Before being prompted for the memory segment table GENCPM will display where CP/M 3 itself is using memory so you can use that to figure out how much free space you have on your bank zero for your segment definition. However, if you enter a value that is too large GENCPM will automatically reduce the size for you.
After this you will be prompted to create disk and directory buffers for each of your disk definitions – pay attention to available space to get an idea of how many buffers you can create, but if in doubt just allocate a single buffer for each disk/directory as prompted as that will at least get you booted, then you can experiment with larger buffers later.
I did intentionally start my segment from $0100 instead of $0000 and this is to avoid problems with interrupts and to keep the zero page free. My computer design uses interrupts to signal to the Z80 that keys are available (for example) instead of requiring it to constantly poll the I/O controller. However, I did find that if I interrupted the CPU (e.g. by pressing a key) when it had switched over to page 0 it would hang the computer as the ISR vector had been switched out from underneath it. My ISR is in common memory and I just make sure that when the computer boots it installs its interrupt vectors in every memory bank so that it doesn't matter which is currently swapped in, it'll always find its way to the common ISR.
After making these changes I was greeted with a 60KB TPA instead of the previous 49KB TPA – 11KB of extra memory is well worth it, and the improved line editor in CP/M 3 is another nice bonus. I did think that implementing this was going to be a nightmare, but in the end I only needed one extra NAND gate and a few easy changes to the software.

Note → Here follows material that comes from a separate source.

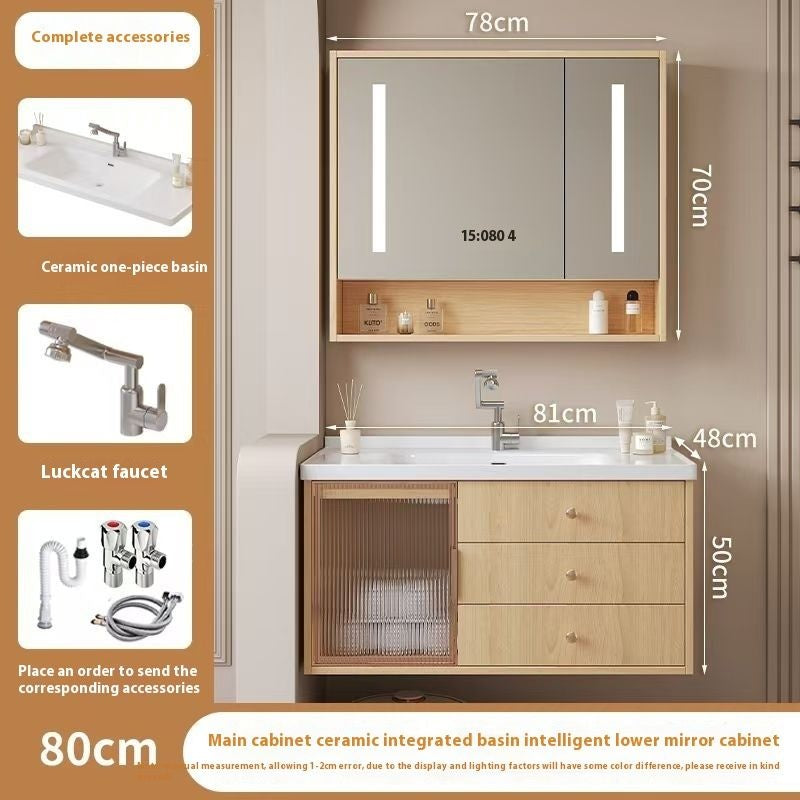 QW- Solid Wood Storage Smart Mirror Cabinet Bathroom Sink Set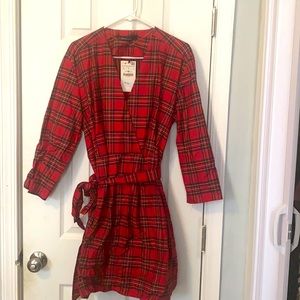 Deep V Plaid Dress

Addendum (31st August 2023): One other change you will need to implement is to support disk operations reading from or writing to specific memory banks. I forgot to mention this earlier as it's handled by the setbnk routine inside BIOSKRNL, and that routine stores the selected DMA bank number in the @dbnk variable. When your BIOS performs a disk read or write operation it will need to preserve the current bank number, switch to the bank number in @dbnk, carry out the read or write operation, then restore the previous bank number.
In my case, disk I/O is handled by the AVR I/O controller where operations are set up by sending over the DMA address, sector and track numbers, drive index and then performing a read from either the "read" or "write" ports to initiate the I/O operation and retrieve the status. The only change required was to make sure that the bank number is also sent over before initiating the I/O request so the AVR knows which bank it should be accessing:
fd$copy$ptrs: ld hl,(@dma) ld a,l out (disk$dma$l),a ld a,h out (disk$dma$h),a ld hl,(@sect) ld a,l out (disk$sector$l),a ld a,h out (disk$sector$h),a ld hl,(@trk) ld a,l out (disk$track$l),a ld a,h out (disk$track$h),a ld a,(@adrv) out (disk$drive),a if banked ld a,(@dbnk) out (disk$dma$bank),a endif ret fd$write: call fd$copy$ptrs in a,(disk$write) ret fd$read: call fd$copy$ptrs in a,(disk$read) ret
I'm pretty sure I didn't forget anything else!